Johnny Depp in La Fabbrica di Cioccolato (foto Ansa.it) – Romacityrumors.it

Al contrario, il signor Wonka di Depp, otteneva il mistero, il tormento e, soltanto in seconda battuta, la risoluzione di un trauma stratificato. L’importanza della Fabbrica di Cioccolato non era casuale, non era un semplice sogno scaturito dal cioccolato fatto dalla propria madre durante l’infanzia, ma diveniva il potente palliativo alla profonda crepa nella psicologia di Willy. Più cioccolata veniva venduta e più strati si aggiungevano a coprire la malinconia di un giovane rifiutato dal proprio padre. Stavolta, al contrario, tutto è positivo, già risolto e, dunque, meno stimolante sul piano squisitamente dramamaturgico. L’unico vero ostacolo da superare è l’ostruzionismo del mondo rispetto al successo di Willy come negoziante, ma nulla di tutto ciò trova dimora nell’emotività del personaggio principale. A tratti, la stucchevole positività di Willy finisce persino per sfociare nel commovente, soprattutto quando lo si vede lottare col sorriso ad ogni frustrante evoluzione del suo percorso, ma ciò non basta ad ottenere quella stratificazione psicologica che ci si aspetta dopo due predecessori ben più forniti sotto questo punto di vista.

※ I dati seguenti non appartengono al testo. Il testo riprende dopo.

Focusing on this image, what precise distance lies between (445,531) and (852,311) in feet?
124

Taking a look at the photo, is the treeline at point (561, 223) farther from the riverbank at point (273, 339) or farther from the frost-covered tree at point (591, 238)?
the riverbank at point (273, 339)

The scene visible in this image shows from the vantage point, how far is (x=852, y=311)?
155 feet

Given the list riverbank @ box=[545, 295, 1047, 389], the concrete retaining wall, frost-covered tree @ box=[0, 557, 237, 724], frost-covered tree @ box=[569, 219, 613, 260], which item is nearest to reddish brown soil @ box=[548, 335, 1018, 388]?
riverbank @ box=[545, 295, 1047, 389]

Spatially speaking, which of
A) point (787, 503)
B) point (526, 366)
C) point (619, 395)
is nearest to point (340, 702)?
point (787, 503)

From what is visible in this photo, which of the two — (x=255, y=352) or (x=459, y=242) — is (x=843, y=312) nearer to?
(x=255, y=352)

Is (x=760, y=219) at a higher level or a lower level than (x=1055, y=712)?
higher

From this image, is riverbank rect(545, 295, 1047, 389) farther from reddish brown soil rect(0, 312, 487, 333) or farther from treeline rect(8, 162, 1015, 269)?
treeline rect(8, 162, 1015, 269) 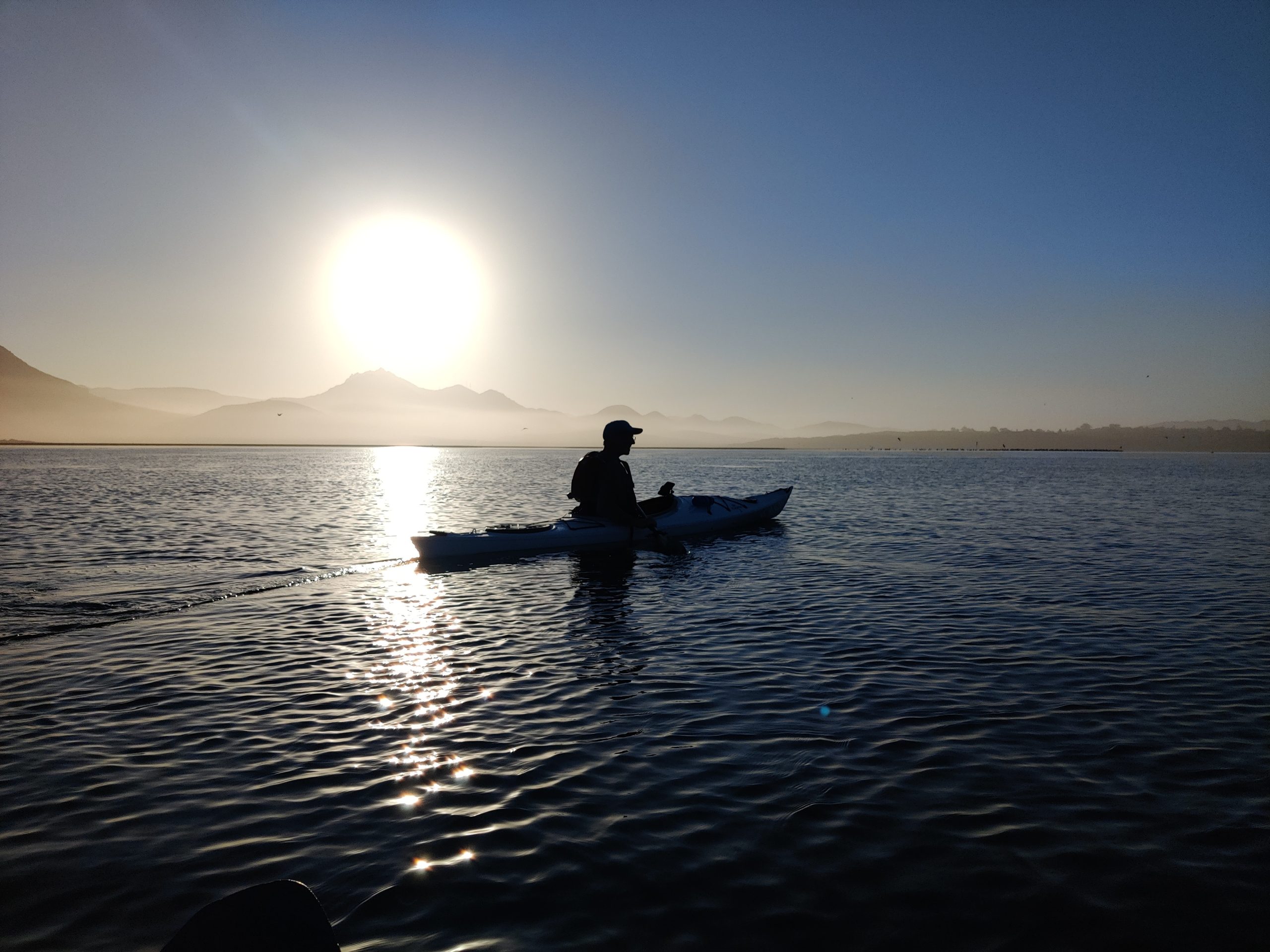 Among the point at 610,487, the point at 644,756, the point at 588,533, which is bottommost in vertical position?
the point at 644,756

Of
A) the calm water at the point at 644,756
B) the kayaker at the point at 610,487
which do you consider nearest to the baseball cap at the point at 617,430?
the kayaker at the point at 610,487

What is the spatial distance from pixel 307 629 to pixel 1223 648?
52.0 ft

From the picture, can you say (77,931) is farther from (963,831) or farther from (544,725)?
(963,831)

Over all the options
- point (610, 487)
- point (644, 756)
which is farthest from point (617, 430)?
point (644, 756)

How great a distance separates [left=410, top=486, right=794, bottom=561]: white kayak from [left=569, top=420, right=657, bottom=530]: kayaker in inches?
15.4

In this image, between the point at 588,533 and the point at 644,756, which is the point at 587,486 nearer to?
the point at 588,533

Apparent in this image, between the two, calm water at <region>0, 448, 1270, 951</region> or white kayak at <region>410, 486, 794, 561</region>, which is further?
white kayak at <region>410, 486, 794, 561</region>

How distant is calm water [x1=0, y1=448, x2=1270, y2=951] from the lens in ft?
16.2

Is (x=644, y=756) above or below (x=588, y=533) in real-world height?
below

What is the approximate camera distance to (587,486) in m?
23.6

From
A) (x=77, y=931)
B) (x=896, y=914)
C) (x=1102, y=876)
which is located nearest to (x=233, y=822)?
(x=77, y=931)

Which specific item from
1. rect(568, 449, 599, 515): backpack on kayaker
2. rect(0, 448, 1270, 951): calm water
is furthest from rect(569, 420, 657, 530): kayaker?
rect(0, 448, 1270, 951): calm water

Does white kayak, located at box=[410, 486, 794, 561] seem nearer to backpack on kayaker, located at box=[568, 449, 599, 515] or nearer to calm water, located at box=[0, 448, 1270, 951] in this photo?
backpack on kayaker, located at box=[568, 449, 599, 515]

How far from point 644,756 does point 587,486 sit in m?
16.4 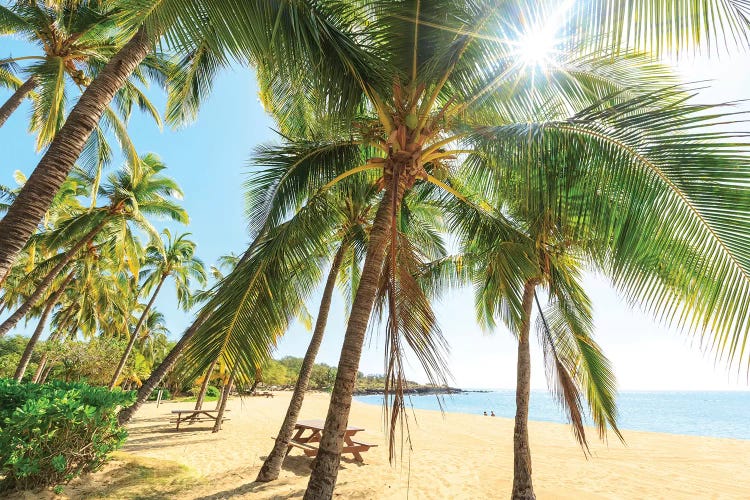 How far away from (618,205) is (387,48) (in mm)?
3041

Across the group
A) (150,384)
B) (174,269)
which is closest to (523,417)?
(150,384)

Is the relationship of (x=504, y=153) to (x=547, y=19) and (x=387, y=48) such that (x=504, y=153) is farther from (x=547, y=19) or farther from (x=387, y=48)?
(x=387, y=48)

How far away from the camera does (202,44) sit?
425 centimetres

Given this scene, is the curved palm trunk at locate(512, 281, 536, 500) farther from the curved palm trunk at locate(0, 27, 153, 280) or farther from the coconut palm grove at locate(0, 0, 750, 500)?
the curved palm trunk at locate(0, 27, 153, 280)

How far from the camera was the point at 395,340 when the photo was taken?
3.60m

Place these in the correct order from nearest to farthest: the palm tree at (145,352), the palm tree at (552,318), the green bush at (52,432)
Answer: the green bush at (52,432) → the palm tree at (552,318) → the palm tree at (145,352)

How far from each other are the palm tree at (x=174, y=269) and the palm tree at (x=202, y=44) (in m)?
13.1

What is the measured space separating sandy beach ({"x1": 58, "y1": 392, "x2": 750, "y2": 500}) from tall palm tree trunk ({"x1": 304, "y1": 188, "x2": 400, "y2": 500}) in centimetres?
122

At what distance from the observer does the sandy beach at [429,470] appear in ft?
20.7

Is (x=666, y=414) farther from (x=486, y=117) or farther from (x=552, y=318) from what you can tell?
(x=486, y=117)

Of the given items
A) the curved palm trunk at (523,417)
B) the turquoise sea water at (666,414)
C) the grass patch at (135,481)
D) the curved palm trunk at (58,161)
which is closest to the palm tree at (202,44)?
the curved palm trunk at (58,161)

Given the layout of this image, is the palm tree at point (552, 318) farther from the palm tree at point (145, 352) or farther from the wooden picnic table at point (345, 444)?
the palm tree at point (145, 352)

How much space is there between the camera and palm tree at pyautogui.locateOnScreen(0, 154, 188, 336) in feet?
37.6

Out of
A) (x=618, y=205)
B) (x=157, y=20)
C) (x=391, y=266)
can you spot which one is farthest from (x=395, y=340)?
(x=157, y=20) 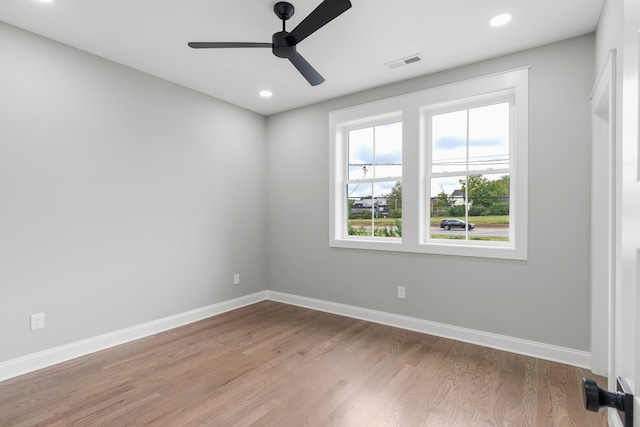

Wonka (foto Ansa.it) – Romacityrumors.it

In effetti, questo Willy Wonka appare, per molti versi, il fulgido prodotto della contemporaneità: a differenza dei predecessori, sembra che il film abbia timore di mostrarci i sentimenti reconditi di Willy, anche quando questi non sarebbero esattamente quelli più politicamente corretti da provare. Chalamet è sempre perfetto, gentile e attento all’altro. Persino la cieca ambizione, non è in realtà mai davvero cieca, poiché il protagonista si preoccupa sistematicamente delle conseguenze delle proprie azioni sul prossimo, anche a costo di farsi fragorosamente ingannare dal mondo. C’è da ammetterlo però: quando uscirete dalla sala, non proverete quella fastidiosa sensazione di aver sprecato due ore per vedere qualcosa di superfluo, ma, seppur sprovvisti di emozioni complesse, potrete dirvi curiosamente deliziati, proprio come aver appena morso quella tavoletta di cui si faceva cenno all’inizio di questa riflessione su pixel.